ADD2 01:10 4/26/2022 UTC
I found in another breakpoint case at __driver_attach,
(gdb) bt
#0 __driver_attach (dev=dev@entry=0xffff0000401d1810, data=data@entry=0xffff800011bbbbb8 <mxc_gpio_driver 40>) at drivers/base/dd.c:1046
#1 0xffff8000107684f8 in bus_for_each_dev (bus=0xffff800011cba910 <platform_bus_type>, start=0x0, data=0xffff800011bbbbb8 <mxc_gpio_driver 40>, fn=0xffff80001076b860 <__driver_attach>) at drivers/base/bus.c:307
#2 0xb8cd80001076a594 in ?? ()
Backtrace stopped: previous frame identical to this frame (corrupt stack?)
(gdb) x/5g $sp
0xffff800011dcbcc0: 0xffff800011dcbd20 0xb8cd80001076a594
0xffff800011dcbcd0: 0xffff80001076b860 0xffff800011bbbbb8
0xffff800011dcbce0: 0x0000000000000000
Because it's right after the pc reached the function __driver_attach, the sp is still not updated from previous function (bus_for_each_dev). And the first two values at the $sp are supposed to be the fp and lr of the previous function (see understanding aarch64 assembly function call, how is stack operated arm64 stores previous function's fp and lr at the bottom of new stack frame as it enters a function). The lr (link register, the address to return after this bus_for_each_dev function) is 0xb8cd80001076a594 which is weird (not a kernel address). The following 3 values are function arguments for bus_for_each_dev and they look correct.
ADD (08:20 27/04/2022 UTC)
I tried to break at driver_attach. It calls bus_for_each_dev and bus_for_each_dev calls __driver_attach. When I entered bus_for_each_dev, I checked the assembly code. It placed x29 and x30 at [sp, #-80]! (stp x29, x30, [sp, #-80]!
) so I checked the value of x29(fp) and x30(lr). They were 0xffff800011efbd20 and 0xffff8000107a52f8 each.

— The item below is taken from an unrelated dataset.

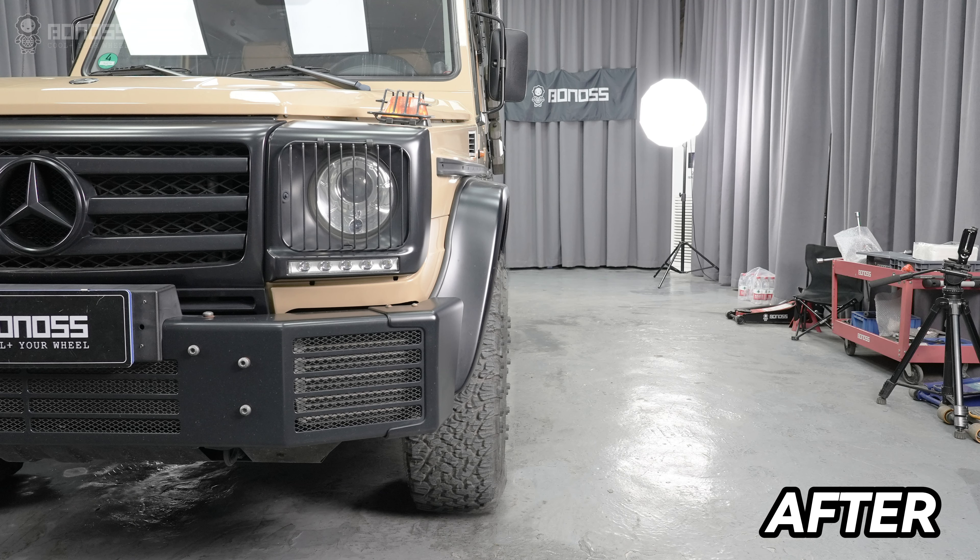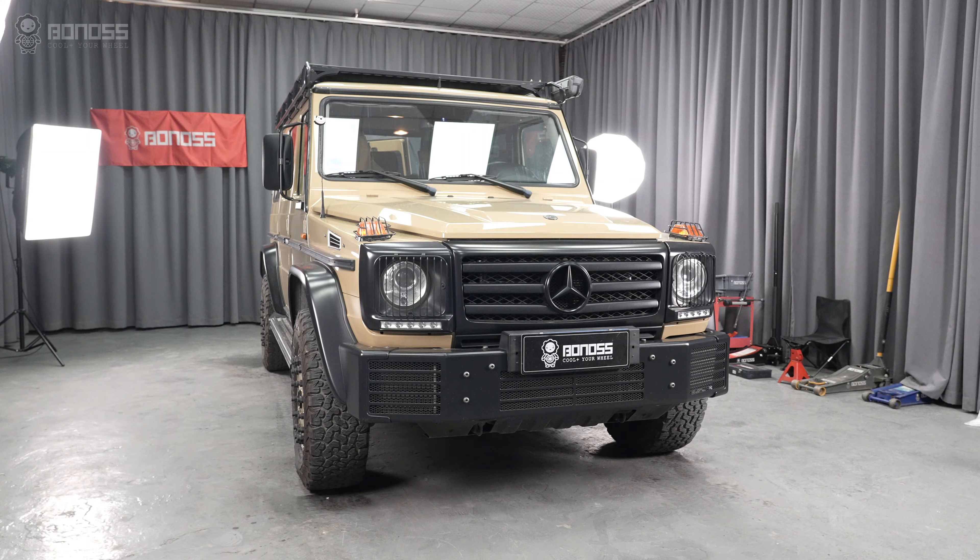In addition, these Bonus-forged exit-cooling Mercedes G-Class wheel spacers come with a 10-year warranty, which gives you peace of mind. Such spacers are surely a good option for your driving needs.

Those values were placed at the bottome of stack frame of bus_for_each_dev. Now inside the bus_for_each_dev function, I enter __driver_attach. At this point I checked the two values in $sp (The sp value is still that of bus_for_each_dev). They were 0xffff800011efbd20 (correct) and 0xc9a48000107a52f8 (wrong!). Why did the upper 16 bits changed??
And I soon found when the x29, x30 are wrtten at the new stack bottom, the upper 16bits of x30 are written with wrong values at the first place. So if I fix these 16 bit to correct value (0xffff usually, because top kernel address bits are 0xffff), the bt output shows more. The more x30 fix, the more stack frames I can see.. I have filed a bug to bugs.linaro.org so that an expert can check this.
CodePudding user response:
I just found out by turning CONFIG_ARM64_PTR_AUTH off in armv8.3 when building linux, I can avoid this problem. (I noticed the instruction ‘pacia’ at the start of function assembly code) (I asked kernelnewbies and qemu-discuss email list but experts don't respond often..) Hope this is helpful to someone later.